BEGIN EXTRACTED RECORDS

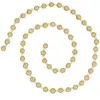 Guirlande de Noël Boules Dorées pailletées et Perles nacrées L 180 cm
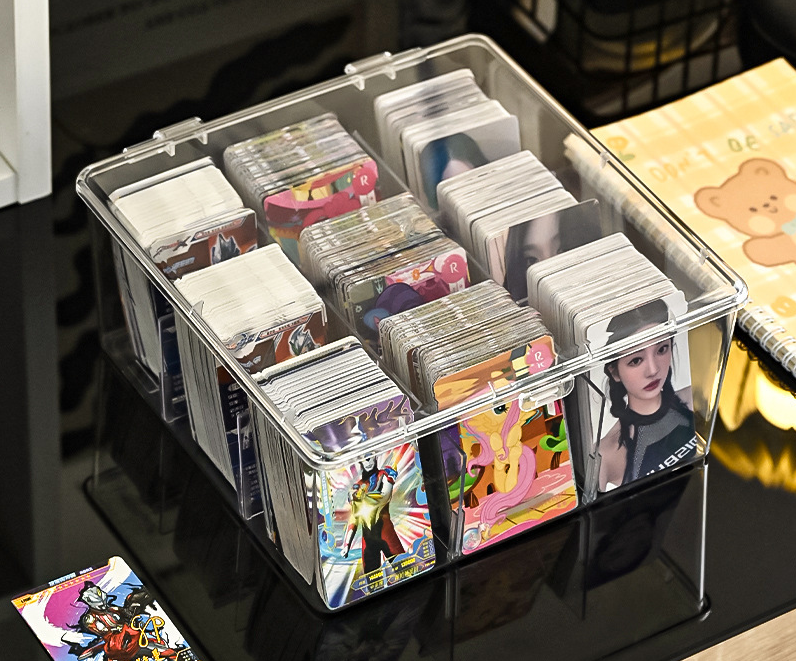 9-grid card storage box(transparent)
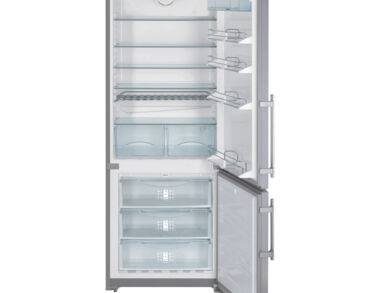 Réfrigérateur congélateur 2 circuits NoFrost Premium Inox Anti-Traces Grande Largeur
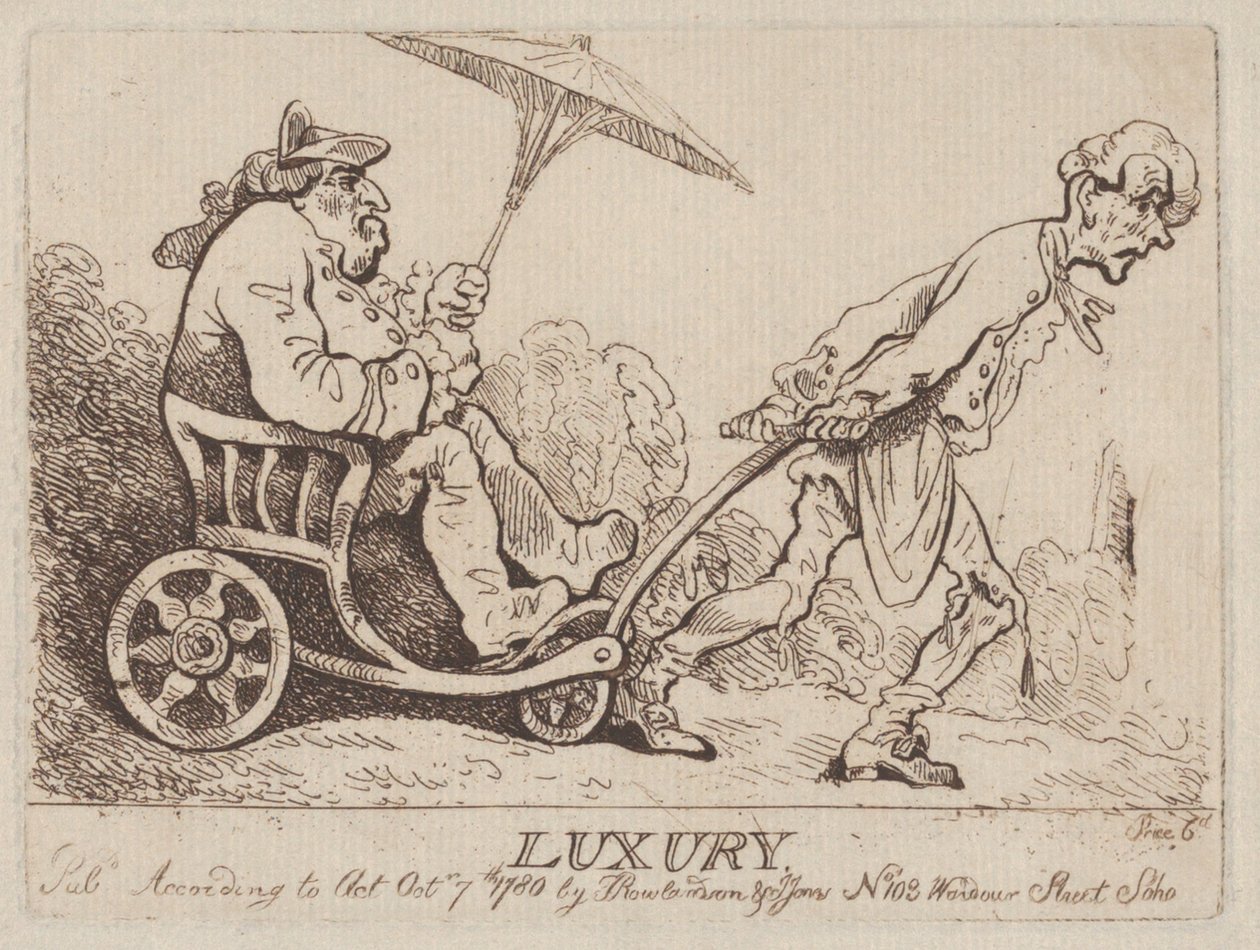 Luxe, 7 octobre 1780 - Thomas Rowlandson
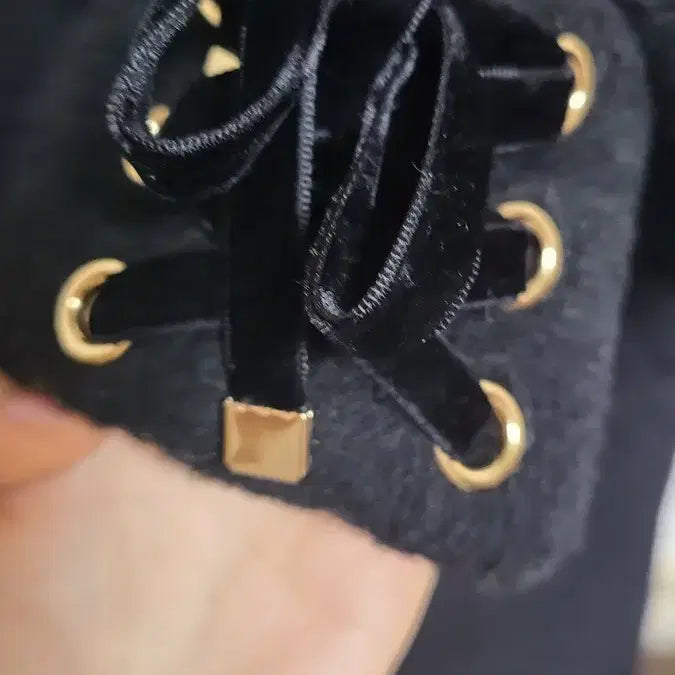 [BUNJANG] Liz Lisa Black Sailor Coat / 리즈리사 블랙 세일러 코트
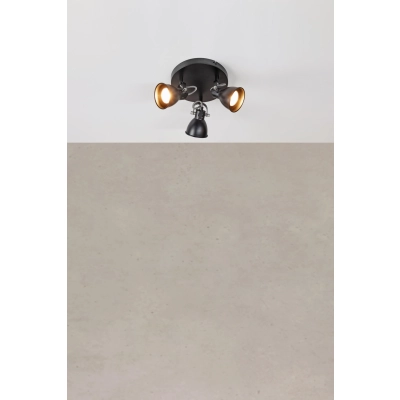 Mion lampa sufitowa 3xGU10 108847 czarna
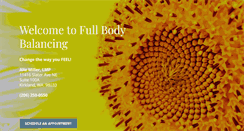Desktop Screenshot of fullbodybalancing.com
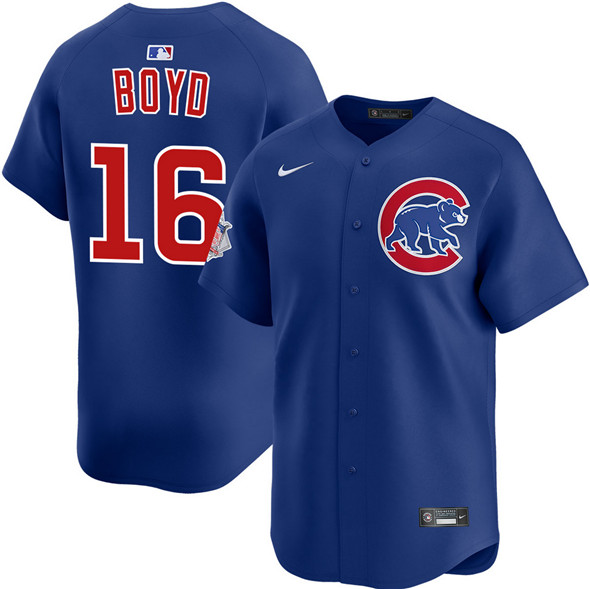 Chicago Cubs #16 Matthew Boyd Royal Limited Stitched Jersey - Zenithce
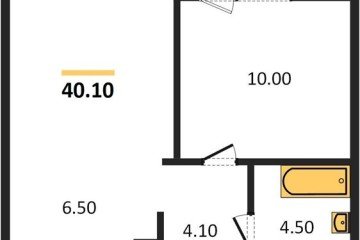 Фото №1: 1-комнатная квартира 41 м² - Краснодар, мкр. жилой комплекс Югге, 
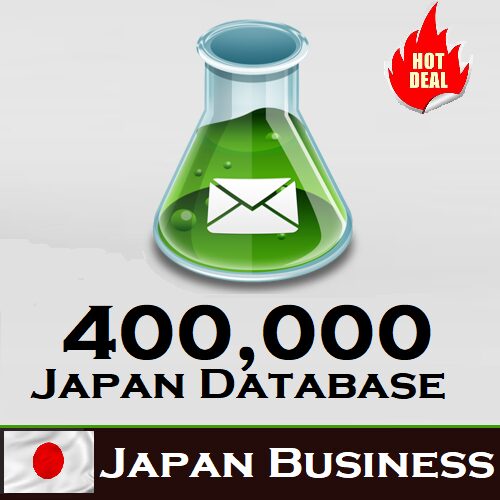 400,000 Japan Company Business Email Database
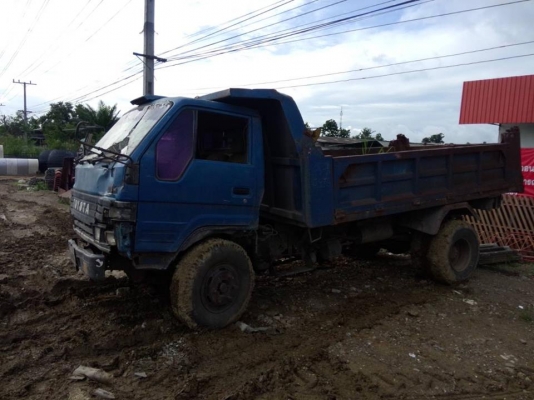 หกล้อดั้ม TOYOTA DYNA 350 BU91 เครื่อง 14 B จำนวน 115 hp ดั้มห้าคิว ราคาคุยกันได้.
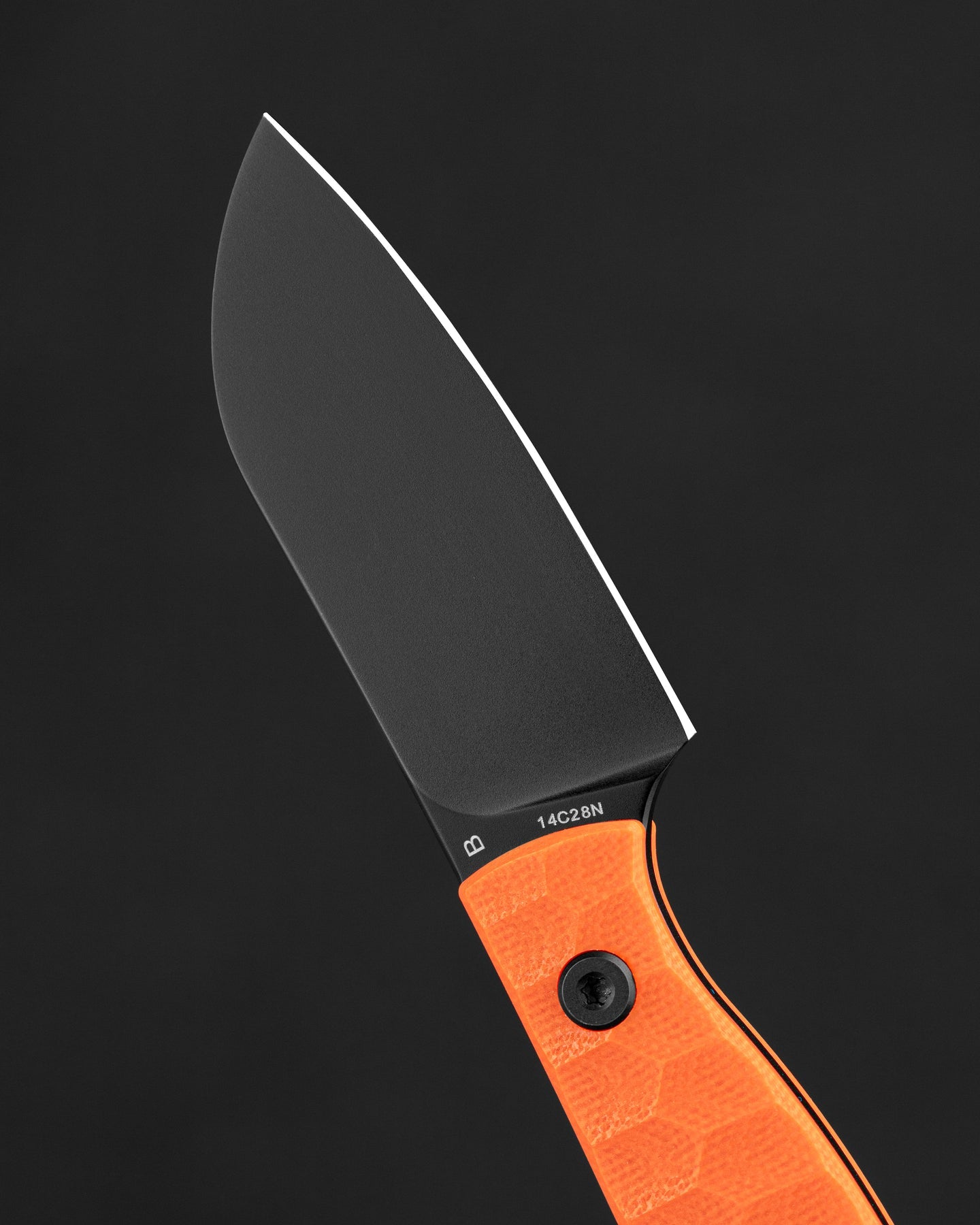 Bestech HEIDI BLACKSMITH#3 BFK07B 14C28N Blade Orange G10 Handle Fixed Blade Knife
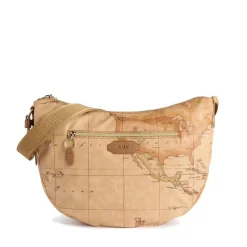 Mezzaluna Grande a Tracolla 1A Classe Alviero Martini linea Social Fusion Geo Classic e Cuoio LB99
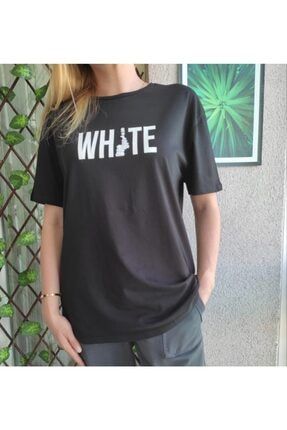 Kadın Siyah Baskılı T-shirt 0023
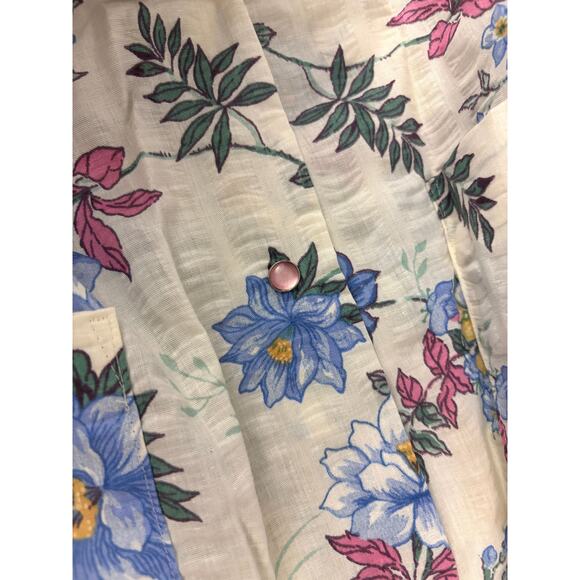 Vintage Floral House Dress Pockets Cottage GrandmaCore 1990s Small NEW - Picture 8 of 8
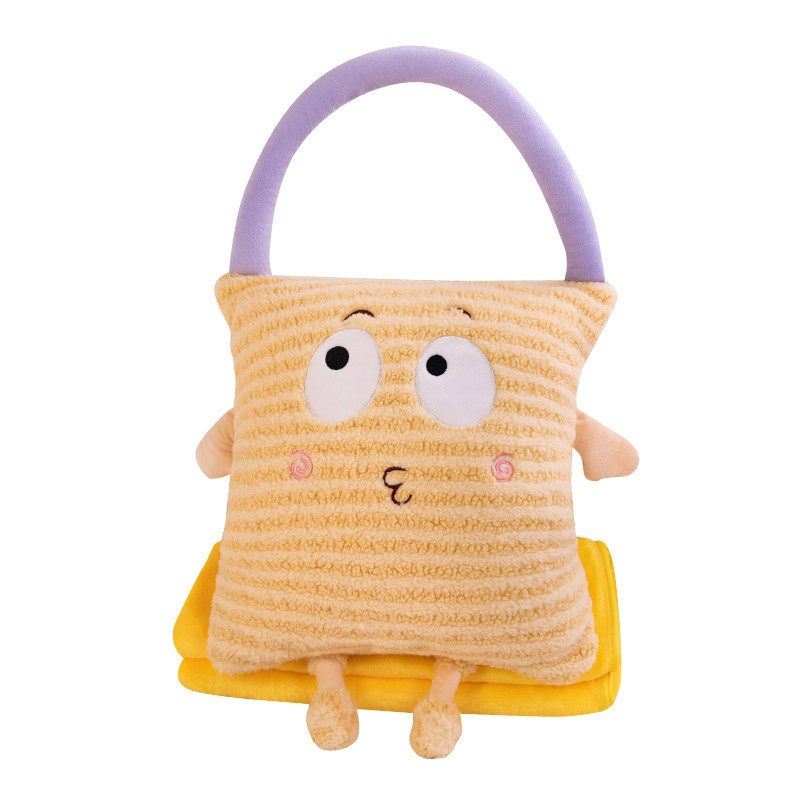 抱枕被子两用毯子二一办公室午睡毛毯暖手可插手小枕头靠枕靠垫,淘宝优惠券,粉丝福利购,淘宝优惠卷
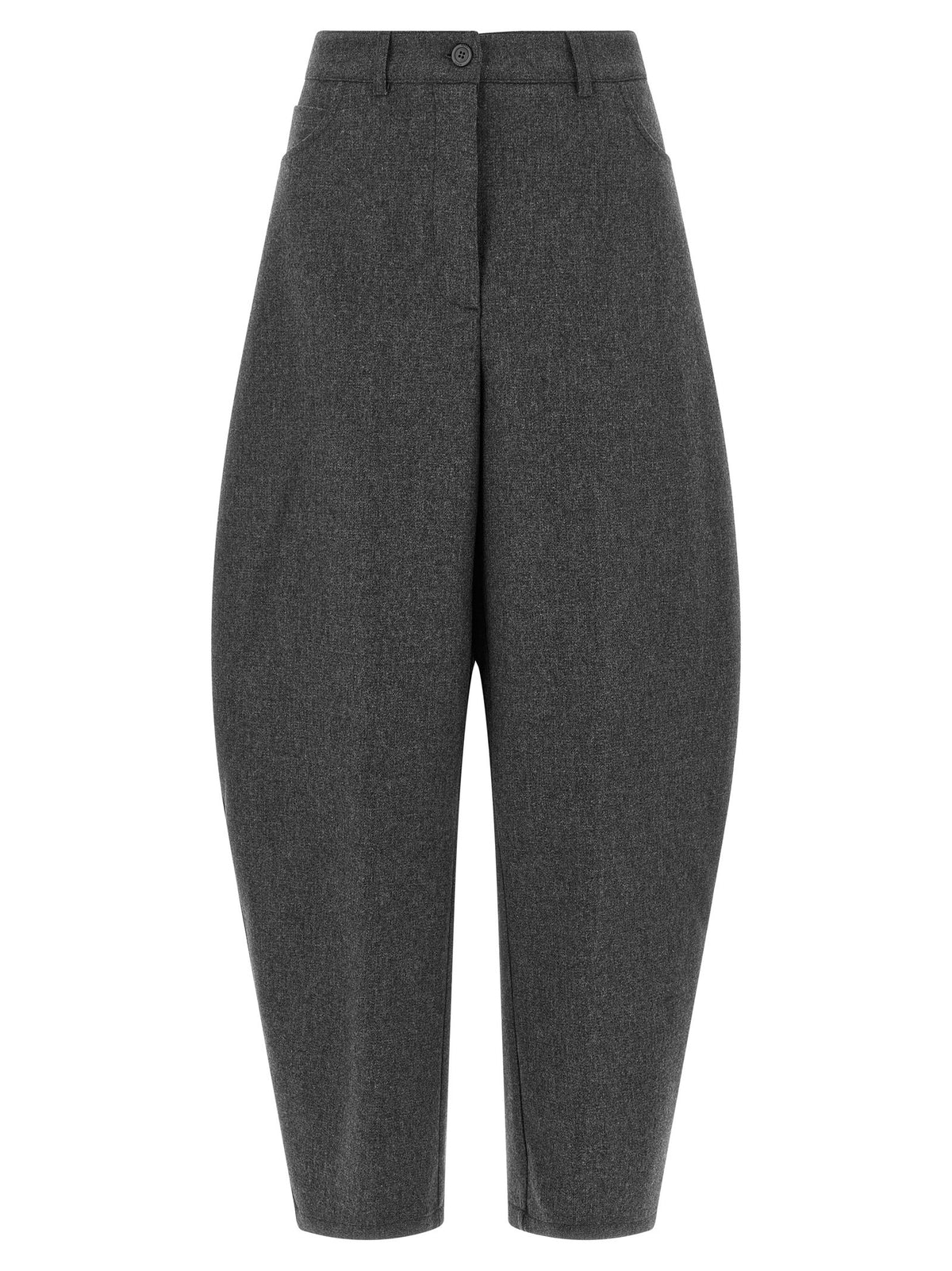Barrel silhouette pants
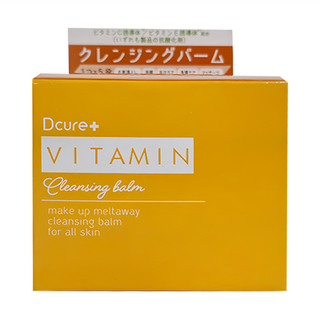 Dcure 維他命卸妝膏 溫和卸妝 清爽舒適 維他命配方 滋養肌膚 高效清潔 輕鬆去除頑固彩妝 保持肌膚潔淨無瑕, 100ml, 1罐
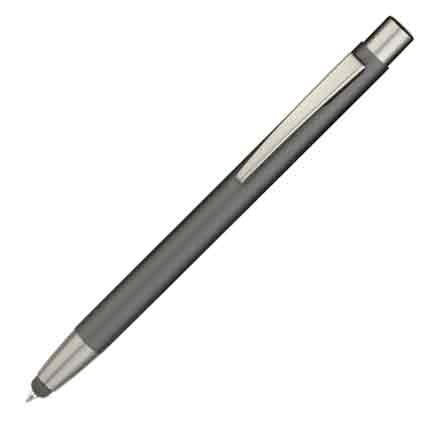 Шариковая ручка бренд "Салiасъ" коллекция "Тихвин", стилус, нажимной механизм, алюминий, цвет матовый антрацит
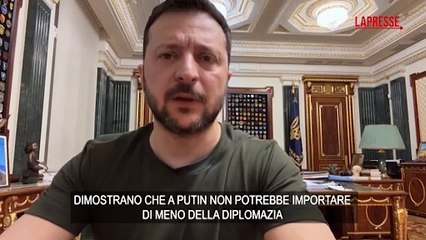Zelensky: "Necessaria maggiore pressione su Mosca"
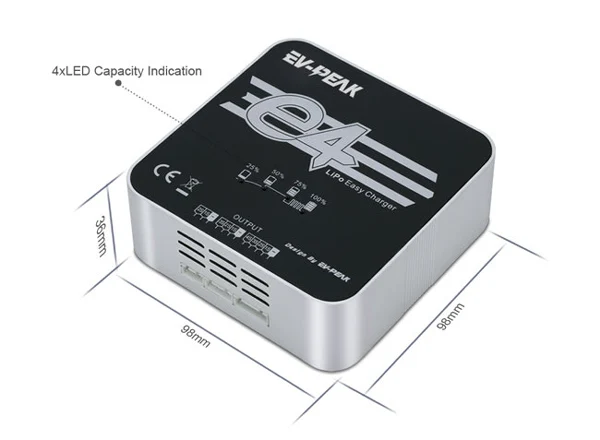EV PEAK E4 110 240V вход 50W 4A 2 4S зарядное устройство|charger charger|charger 4acharger 50w |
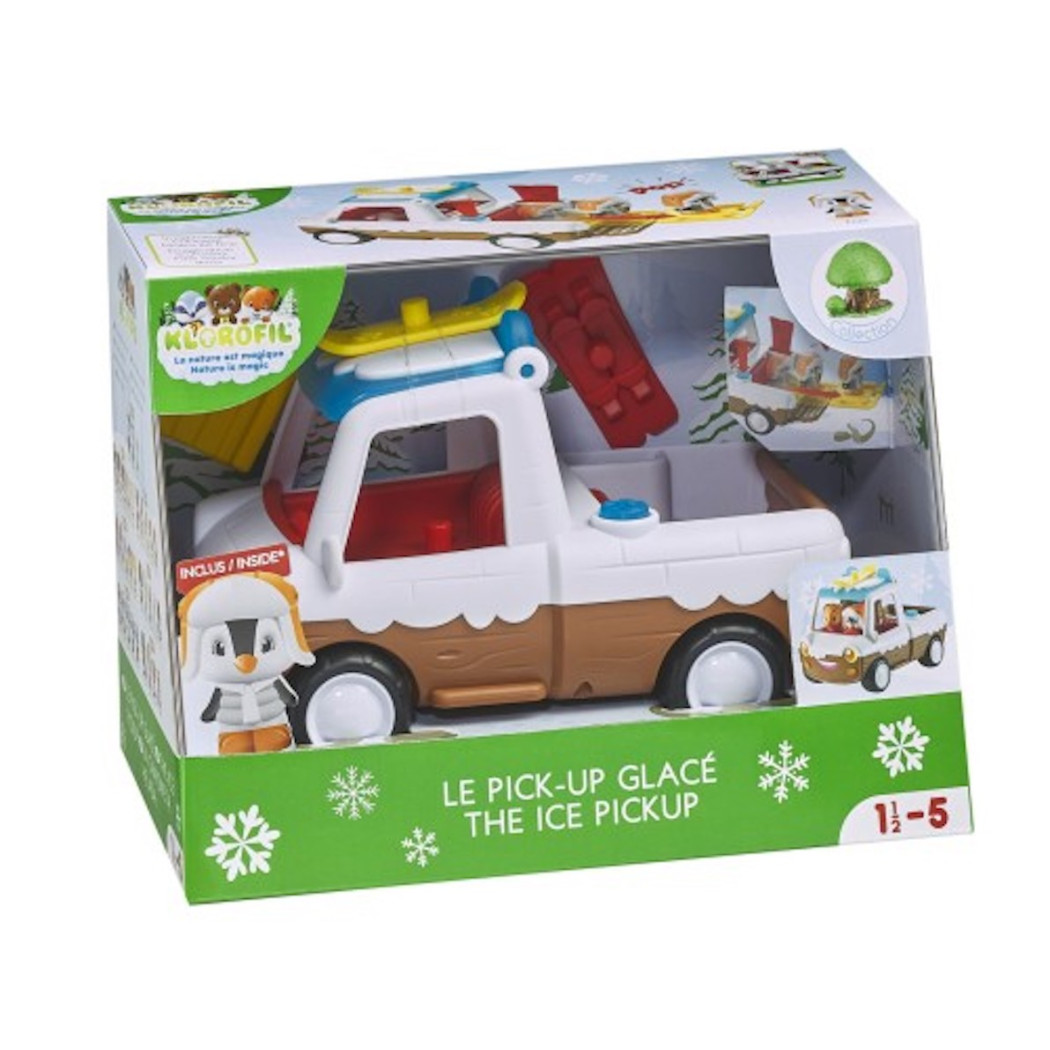 Pick-up - Terenowe Auto dla Narciarzy z Wyposażeniem i Figurką - Klorofil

END EXTRACTED RECORDS

__TRY IT__: From the first line to the last, set down the records exactly, leaving out images.

__SOLUTION TO THIS TASK__:
 Guirlande de Noël Boules Dorées pailletées et Perles nacrées L 180 cm
 9-grid card storage box(transparent)
 Réfrigérateur congélateur 2 circuits NoFrost Premium Inox Anti-Traces Grande Largeur
 Luxe, 7 octobre 1780 - Thomas Rowlandson
 [BUNJANG] Liz Lisa Black Sailor Coat / 리즈리사 블랙 세일러 코트
 Mion lampa sufitowa 3xGU10 108847 czarna
Desktop Screenshot of fullbodybalancing.com
 Chicago Cubs #16 Matthew Boyd Royal Limited Stitched Jersey - Zenithce
 Фото №1: 1-комнатная квартира 41 м² - Краснодар, мкр. жилой комплекс Югге, 
 400,000 Japan Company Business Email Database
 หกล้อดั้ม TOYOTA DYNA 350 BU91 เครื่อง 14 B จำนวน 115 hp ดั้มห้าคิว ราคาคุยกันได้.
 Bestech HEIDI BLACKSMITH#3 BFK07B 14C28N Blade Orange G10 Handle Fixed Blade Knife
 Mezzaluna Grande a Tracolla 1A Classe Alviero Martini linea Social Fusion Geo Classic e Cuoio LB99
 Kadın Siyah Baskılı T-shirt 0023
 Vintage Floral House Dress Pockets Cottage GrandmaCore 1990s Small NEW - Picture 8 of 8
 抱枕被子两用毯子二一办公室午睡毛毯暖手可插手小枕头靠枕靠垫,淘宝优惠券,粉丝福利购,淘宝优惠卷
Barrel silhouette pants
 Dcure 維他命卸妝膏 溫和卸妝 清爽舒適 維他命配方 滋養肌膚 高效清潔 輕鬆去除頑固彩妝 保持肌膚潔淨無瑕, 100ml, 1罐
 Шариковая ручка бренд "Салiасъ" коллекция "Тихвин", стилус, нажимной механизм, алюминий, цвет матовый антрацит
Zelensky: "Necessaria maggiore pressione su Mosca"
EV PEAK E4 110 240V вход 50W 4A 2 4S зарядное устройство|charger charger|charger 4acharger 50w |
 Pick-up - Terenowe Auto dla Narciarzy z Wyposażeniem i Figurką - Klorofil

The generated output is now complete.